X is rolling out a completely rebuilt advertising platform centered around artificial intelligence. This move is a strategic effort to revitalize the company's revenue streams following significant advertiser churn and platform restructuring over the past year.
From an engineering perspective, modernizing an ad tech stack to be "AI-powered" typically means shifting from static, rule-based targeting and bidding heuristics to deep learning models that optimize for conversion probabilities in real-time. To compete with industry standards like Meta's Advantage+ or Google's Performance Max, X's new platform will likely rely on automated creative generation, dynamic audience expansion, and predictive bidding algorithms. The technical challenge here is immense: X possesses a highly unique, real-time firehose of conversational data, but translating that unstructured text graph into high-signal feature vectors for ad targeting requires robust data pipelines and low-latency inference at scale.

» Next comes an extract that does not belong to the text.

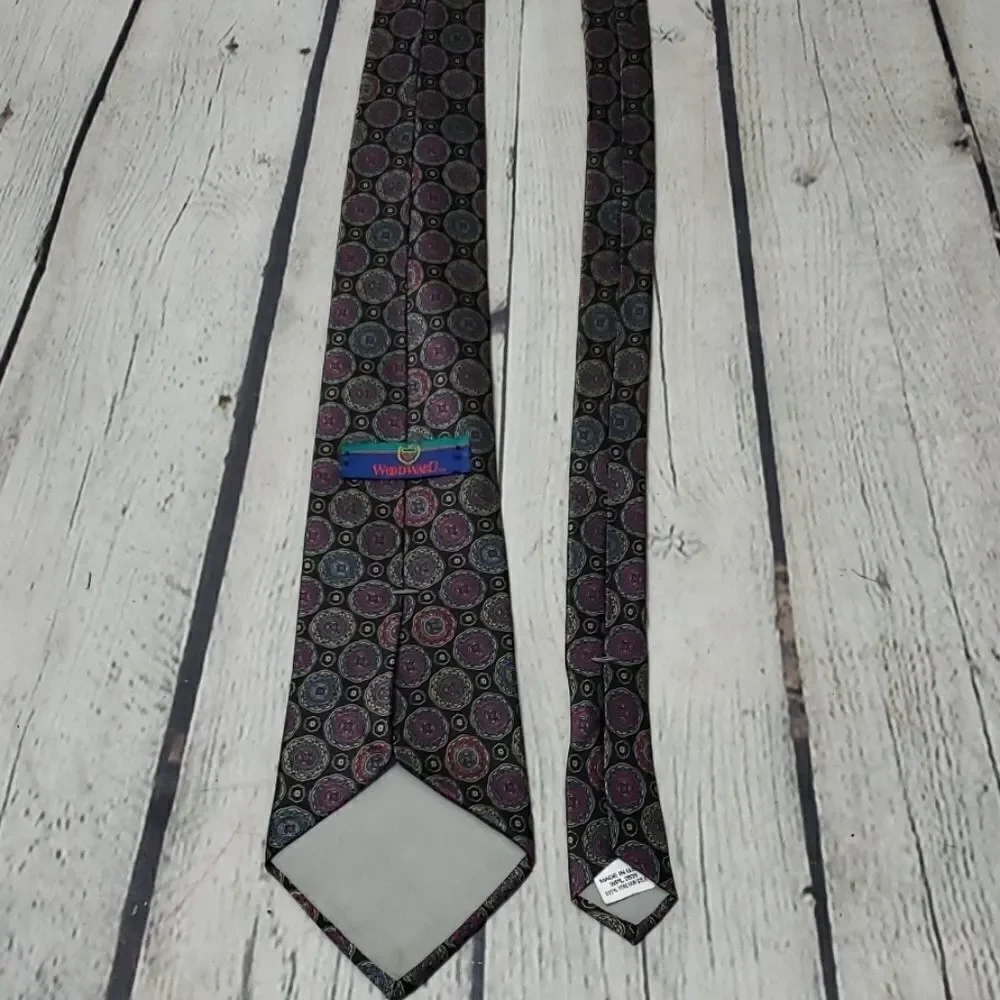 Vintage Italian Silk Black Purple Eclectic Medallion Print Tie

This matters because X's survival and growth are directly tied to its ability to deliver measurable Return on Ad Spend (ROAS) to direct-response advertisers. Brand advertising has historically been X's bread and butter, but brand safety concerns have eroded that base. A highly performant, AI-driven direct-response engine is the most viable path to revenue recovery. If the underlying ML models can accurately predict user intent based on real-time engagement and conversational context without violating user privacy expectations, X could carve out a highly profitable niche.
What to watch next is the execution and adoption metrics. Keep an eye on how quickly X deploys these new AI features to self-serve advertisers and whether they release case studies detailing improved Cost Per Acquisition (CPA). Additionally, monitor the infrastructure stability; deploying a rebuilt ML-heavy ad serving engine with a significantly leaner engineering team will be a major test of X's current technical operational capacity.